In Israeli Left-wing Activist’s Arrest, Court Dances to the Tune of Settler Incitement

The left-wing activist Jonathan Pollak was arrested Monday. Undercover officers came to his workplace, informed him that he was under arrest, handcuffed him and put him in a police car…..

The left-wing activist Jonathan Pollak was arrested Monday. Undercover officers came to his workplace, informed him that he was under arrest, handcuffed him and put him in a police car. They were acting on the instruction of Jerusalem District Court Judge Dov Pollock. Pollock had Pollak arrested for failing to appear in court to answer a private criminal complaint filed against Pollak and two fellow activists by the Ad Kan espionage and infiltration organization. In signing the injurious and superfluous warrant, the judge gave Ad Kan a rare win and once again made the judiciary an important collaborator of the anti-democratic right in its persecution of the ideological left, which is steadfast in its refusal to accept the crime of the occupation.

Before I continue, fair disclosure: Jonathan Pollak is a haver, friend, in the sense of comrade, a brother in the struggle, A man I greatly admire and from whom I have learned much over the years we have each been activists, he in the field and I in the courts.

Disclosure No. 2: I scorn Ad Kan and am busy rebuffing its attacks on my clients, with notable success. The entire existence of this organization – famed for planting spies in groups like Ta’ayush and Breaking the Silence and for entangling journalists into sensationalist headlines, that turn out to be groundless, about supposed grave security offenses by anti-occupation activists – depends on its right-wing political patrons being in positions of power.

In other words, as soon as the settler-right regime ends, the organization will vanish into oblivion: It can’t survive without access to the government power centers that give it a platform and influence. Ad Kan is one of the mutant civil society organizations that have taken root here recently, which act on behalf of the government and largely in coordination with it, to make the strong stronger and to weaken and silence the weak and the minority. This is the organization the honorable judge gifted Pollak’s arrest.

As Ad Kan’s modus operandi for achieving its goals is incitement against and harassment of its rivals, baseless legal proceedings are a part of its repertoire. Indeed, it’s hard to think of a more injurious and ludicrous legal proceeding than the organization’s complaint accusing the three activists of – get this – assaulting soldiers and Border Police officers during protests in the West Bank Palestinian villages of Bil’in and Na’alin. Ad Kan, which has so far failed in its numerous attempts to spur a criminal investigation of Breaking the Silence and seems to have failed to cause an investigation of Pollak and his fellow activists, has taken on the role of the state prosecution through a private criminal complaint. This instrument allows private parties to pursue a criminal proceeding regarding a limited range of minor offenses and in situations where the dominant interest is private, such as disputes between neighbors or business competitors.

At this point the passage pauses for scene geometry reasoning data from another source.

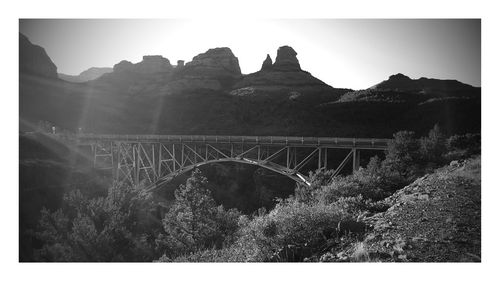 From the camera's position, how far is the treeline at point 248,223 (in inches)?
271

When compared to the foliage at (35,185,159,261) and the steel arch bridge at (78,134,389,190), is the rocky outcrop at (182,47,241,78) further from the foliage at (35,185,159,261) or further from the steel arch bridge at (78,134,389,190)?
the foliage at (35,185,159,261)

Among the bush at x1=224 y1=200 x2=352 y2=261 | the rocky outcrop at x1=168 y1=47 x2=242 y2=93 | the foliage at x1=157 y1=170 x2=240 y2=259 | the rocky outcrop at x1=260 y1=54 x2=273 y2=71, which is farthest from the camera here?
the rocky outcrop at x1=260 y1=54 x2=273 y2=71

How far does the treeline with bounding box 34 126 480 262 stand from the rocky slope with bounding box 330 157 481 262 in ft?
1.52

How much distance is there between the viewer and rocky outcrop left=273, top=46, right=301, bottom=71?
6023cm

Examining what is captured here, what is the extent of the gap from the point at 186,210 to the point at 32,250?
4.58 m

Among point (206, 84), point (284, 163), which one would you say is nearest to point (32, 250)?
point (284, 163)

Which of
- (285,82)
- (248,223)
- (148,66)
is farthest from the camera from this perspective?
(148,66)

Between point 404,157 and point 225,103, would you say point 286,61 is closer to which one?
point 225,103

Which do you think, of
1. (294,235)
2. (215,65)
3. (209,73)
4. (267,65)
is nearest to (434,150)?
(294,235)

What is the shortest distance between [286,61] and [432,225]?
5715cm

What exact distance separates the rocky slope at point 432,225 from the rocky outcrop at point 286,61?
53.5 metres

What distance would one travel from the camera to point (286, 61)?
201 ft

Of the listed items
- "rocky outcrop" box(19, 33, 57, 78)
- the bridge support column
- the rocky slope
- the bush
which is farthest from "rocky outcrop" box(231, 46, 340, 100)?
the bush
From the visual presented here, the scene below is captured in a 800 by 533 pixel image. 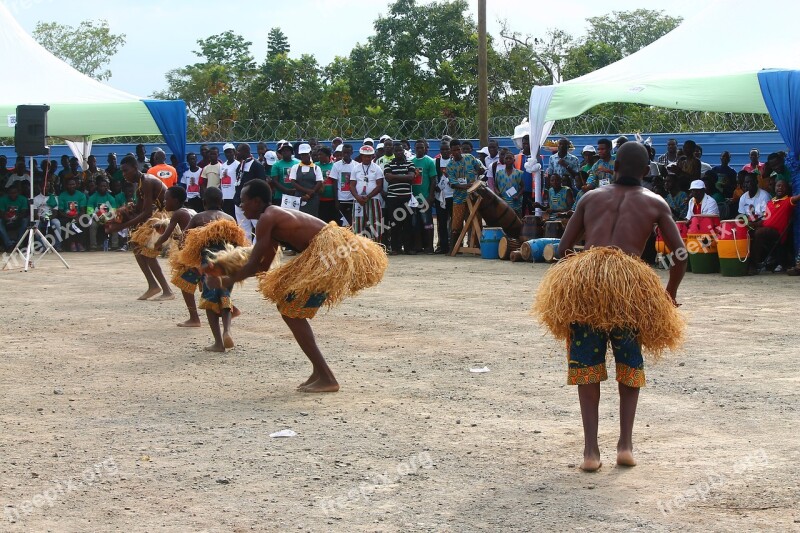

The filing of a criminal complaint by someone who is not the victim of the alleged act, and when the accusation concerns injury to soldiers, says much more about the complainant than it does about the defendant. It indicates that the complainant views himself as synonymous with the state and is tasked with the mission of defending the security forces and national honor. But besides bringing up interesting issues about Ad Kan’s psychology, this complaint is a blatant example of the misuse of legal proceedings in order to goad a political adversary and as such it threatens to turn the court into the pawn of a political camp.

Actually, in this case the threat has already come to pass. The moment Pollock agreed to hear the complaint rather than dismissing it outright and ordering Ad Kan to pay court costs for this outrageous maneuver; the moment he convened one session after another and agreed to treat the complaint as a legal document rather than rip apart its crude threads and expose it for what it really is – a political manifest more suited to a flyer distributed on the street – he allowed Ad Kan to turn the court into hammer held aloft that moves in concert with its activists’ whims.

So yes, Pollak did defy the court when he announced to the world that he would not attend the hearings (“Why I Won’t Attend My Trial for Alleged Assault on Israeli Police in West Bank,” Haaretz, June 12, 2019), and judges are sticklers about showing respect for their honor and for the judicial system. But a judge’s sense of affront is not a valid pretext for arrest. In fact, the history of courageous rulings that advanced human rights and democratic values is filled with “not nice” petitioners and defendants whose rights were nonetheless protected. Well before Pollak failed to appear in court, the complaint was an inherently flawed legal act, and an arrest that is based upon an improper proceeding amounts to false arrest.

Gaby Lasky, the lawyer representing Pollak’s fellow defendants, filed a motion to stay the proceedings with the attorney general. If the postponement is granted, it would go some way toward undoing the damage caused to the justice system as a result of its consenting to dance to the tune of the persecutors of left-wing activists.

Michael Sfard, a human-rights lawyer representing numerous Palestinian and Israeli organizations, is the legal adviser of Breaking the Silence.